Le 5 mars 2018, l'ESA a annoncé avoir testé avec succès le prototype d'un moteur ionique utilisant de l'air en guise de carburant. L'agence ouvre la voie à des systèmes de propulsion électrique qui repoussent les limites de l'autonomie pour des satellites en orbite très basse plongés dans une atmosphère.

Le moteur ionique classique utilise généralement du xénon sous forme de gaz comme carburant. Une équipe dirigée par l’Agence spatiale européenne (ESA) a créé un prototype fonctionnant à l’air. Dans un communiqué daté du 5 mars 2018, l’ESA indique qu’il s’agit d’une première mondiale : « Remplacer le carburant embarqué par des molécules atmosphériques permettrait de créer une nouvelle classe de satellites capables d'opérer à de très basses orbites pour de longues périodes. » L'agence précise que le système pourrait également être utilisé au sein d'atmosphères non-terrestres, comme celle de Mars, riche en dioxyde de carbone.

Le moteur ionique est un moyen de propulsion électrique de plus en plus utilisé pour amener les satellites vers leur orbite finale et les y maintenir. La sonde BepiColombo, qui s'envolera vers Mercure cette année, en sera également équipée. Le carburant gazeux est injecté dans une chambre où il est frappé par des électrons pour être ionisé.
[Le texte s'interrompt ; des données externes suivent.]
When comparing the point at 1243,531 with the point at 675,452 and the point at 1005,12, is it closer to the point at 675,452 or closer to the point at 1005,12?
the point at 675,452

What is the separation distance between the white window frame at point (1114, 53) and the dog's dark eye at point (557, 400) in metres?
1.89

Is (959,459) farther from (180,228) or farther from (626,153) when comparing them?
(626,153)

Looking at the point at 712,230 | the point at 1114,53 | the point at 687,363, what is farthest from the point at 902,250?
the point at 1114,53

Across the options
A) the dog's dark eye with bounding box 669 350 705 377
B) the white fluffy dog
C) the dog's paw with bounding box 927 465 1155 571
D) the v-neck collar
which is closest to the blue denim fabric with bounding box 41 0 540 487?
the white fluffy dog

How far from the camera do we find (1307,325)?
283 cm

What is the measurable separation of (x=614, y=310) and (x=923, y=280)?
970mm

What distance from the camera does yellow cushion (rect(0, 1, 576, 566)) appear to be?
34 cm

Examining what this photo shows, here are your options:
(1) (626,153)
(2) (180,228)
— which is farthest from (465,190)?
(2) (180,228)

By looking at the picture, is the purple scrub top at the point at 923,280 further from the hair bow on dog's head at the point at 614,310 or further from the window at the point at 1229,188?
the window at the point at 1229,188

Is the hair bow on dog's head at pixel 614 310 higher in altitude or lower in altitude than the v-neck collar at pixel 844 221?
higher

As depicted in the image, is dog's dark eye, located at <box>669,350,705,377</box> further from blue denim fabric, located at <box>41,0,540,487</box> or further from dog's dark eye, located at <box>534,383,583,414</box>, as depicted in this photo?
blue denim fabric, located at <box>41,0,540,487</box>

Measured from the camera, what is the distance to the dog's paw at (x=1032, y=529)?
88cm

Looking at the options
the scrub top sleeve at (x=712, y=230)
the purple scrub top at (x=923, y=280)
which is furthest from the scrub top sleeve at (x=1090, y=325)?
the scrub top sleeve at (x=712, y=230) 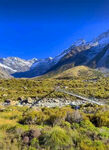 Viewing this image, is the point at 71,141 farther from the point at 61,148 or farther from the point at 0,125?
the point at 0,125

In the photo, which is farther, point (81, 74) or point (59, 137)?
point (81, 74)

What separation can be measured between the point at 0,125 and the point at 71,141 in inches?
144

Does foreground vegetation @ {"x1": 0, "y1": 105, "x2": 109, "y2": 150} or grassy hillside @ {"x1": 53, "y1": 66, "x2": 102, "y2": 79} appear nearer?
foreground vegetation @ {"x1": 0, "y1": 105, "x2": 109, "y2": 150}

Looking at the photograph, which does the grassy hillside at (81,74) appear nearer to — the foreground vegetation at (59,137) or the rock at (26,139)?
the foreground vegetation at (59,137)

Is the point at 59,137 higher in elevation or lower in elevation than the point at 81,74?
lower

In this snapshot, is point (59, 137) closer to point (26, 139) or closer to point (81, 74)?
point (26, 139)

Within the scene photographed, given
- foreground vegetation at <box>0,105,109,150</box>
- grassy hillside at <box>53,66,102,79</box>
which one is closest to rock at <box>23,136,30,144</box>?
foreground vegetation at <box>0,105,109,150</box>

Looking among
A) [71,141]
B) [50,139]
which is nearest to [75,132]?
[71,141]

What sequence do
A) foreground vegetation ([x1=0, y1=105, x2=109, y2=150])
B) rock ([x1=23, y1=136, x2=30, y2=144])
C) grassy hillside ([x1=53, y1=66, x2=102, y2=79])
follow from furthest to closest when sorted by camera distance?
grassy hillside ([x1=53, y1=66, x2=102, y2=79])
rock ([x1=23, y1=136, x2=30, y2=144])
foreground vegetation ([x1=0, y1=105, x2=109, y2=150])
Les ions sont alors éjectés vers l’arrière du moteur, créant une poussée.

Propulseur à deux étages

Même si la propulsion ionique nécessite d’embarquer moins de carburant que la propulsion chimique, la quantité emmenée est un facteur limitant de la mission. Lancé en 2009, le satellite d’observation de la Terre GOCE (Gravity field and steady-state Ocean Circulation Explorer) s’est éteint en 2013, une fois ses 40 kg de xénon épuisés. Et s’il avait pu utiliser l’atmosphère présente au niveau de son orbite, à 250 kilomètres d’altitude ? Le défi s’éloigne de la théorie pour se rapprocher du concept fonctionnel : le prototype de l’ESA a été testé avec succès dans une chambre à vide en Italie, dans des conditions simulant un environnement à 200 km d’altitude.
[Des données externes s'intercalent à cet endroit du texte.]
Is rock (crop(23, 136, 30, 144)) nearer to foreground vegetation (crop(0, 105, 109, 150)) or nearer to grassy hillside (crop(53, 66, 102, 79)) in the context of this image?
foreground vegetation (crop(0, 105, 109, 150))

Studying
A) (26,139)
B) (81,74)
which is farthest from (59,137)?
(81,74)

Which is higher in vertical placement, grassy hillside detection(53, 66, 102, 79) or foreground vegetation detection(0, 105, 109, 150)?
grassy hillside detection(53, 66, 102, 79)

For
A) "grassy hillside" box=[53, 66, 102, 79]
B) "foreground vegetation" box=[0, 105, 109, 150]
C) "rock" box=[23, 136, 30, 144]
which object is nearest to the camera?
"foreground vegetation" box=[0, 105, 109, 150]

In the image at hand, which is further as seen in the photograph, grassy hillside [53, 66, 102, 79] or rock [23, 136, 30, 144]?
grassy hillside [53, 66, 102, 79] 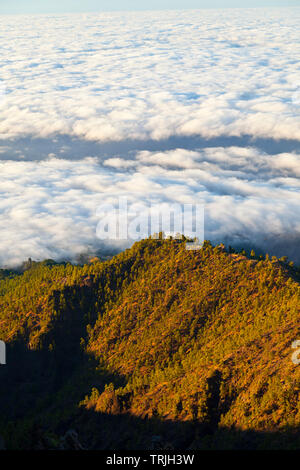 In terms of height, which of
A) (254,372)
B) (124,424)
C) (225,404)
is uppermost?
(254,372)

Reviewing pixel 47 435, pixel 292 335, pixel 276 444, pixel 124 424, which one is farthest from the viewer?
pixel 124 424

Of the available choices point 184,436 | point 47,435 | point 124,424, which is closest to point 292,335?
point 184,436

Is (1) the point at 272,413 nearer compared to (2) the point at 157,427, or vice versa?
(1) the point at 272,413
Le système de collecte des molécules d’air a été conçu par l’entreprise polonaise QuinteScience. « Le challenge était de concevoir un moyen de collecter les molécules d’air de manière à ce qu’elles ne rebondissent pas mais soient aspirées et comprimées », indique l’ESA dans son communiqué. Le collecteur a ensuite été assemblé au propulseur à deux étages réalisé par les italiens de Sitael. « Les deux étages assurent une meilleure ionisation et une meilleure accélération de l’air entrant, qui sont des opérations plus difficiles à réaliser qu’avec la propulsion électrique traditionnelle », assure l’ESA.
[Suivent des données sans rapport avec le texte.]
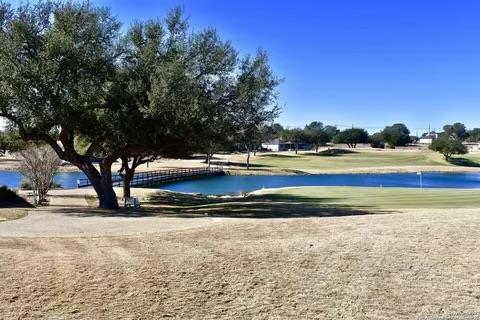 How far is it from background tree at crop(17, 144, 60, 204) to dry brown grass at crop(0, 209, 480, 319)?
84.8 ft

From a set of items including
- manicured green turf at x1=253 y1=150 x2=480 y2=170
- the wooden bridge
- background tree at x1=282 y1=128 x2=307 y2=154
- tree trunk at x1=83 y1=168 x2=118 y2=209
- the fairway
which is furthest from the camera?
background tree at x1=282 y1=128 x2=307 y2=154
Le xénon a d’abord permis de tester l’allumage du prototype. Puis il a été remplacé par un mélange d’azote et d’oxygène après le démarrage. Enfin, des tests d’allumage sans xénon, avec uniquement un mélange azote-oxygène, ont permis de démontrer la faisabilité du concept. Et la lumière bleue caractéristique du xénon ionisé en sortie du moteur changea. Elle devint violette.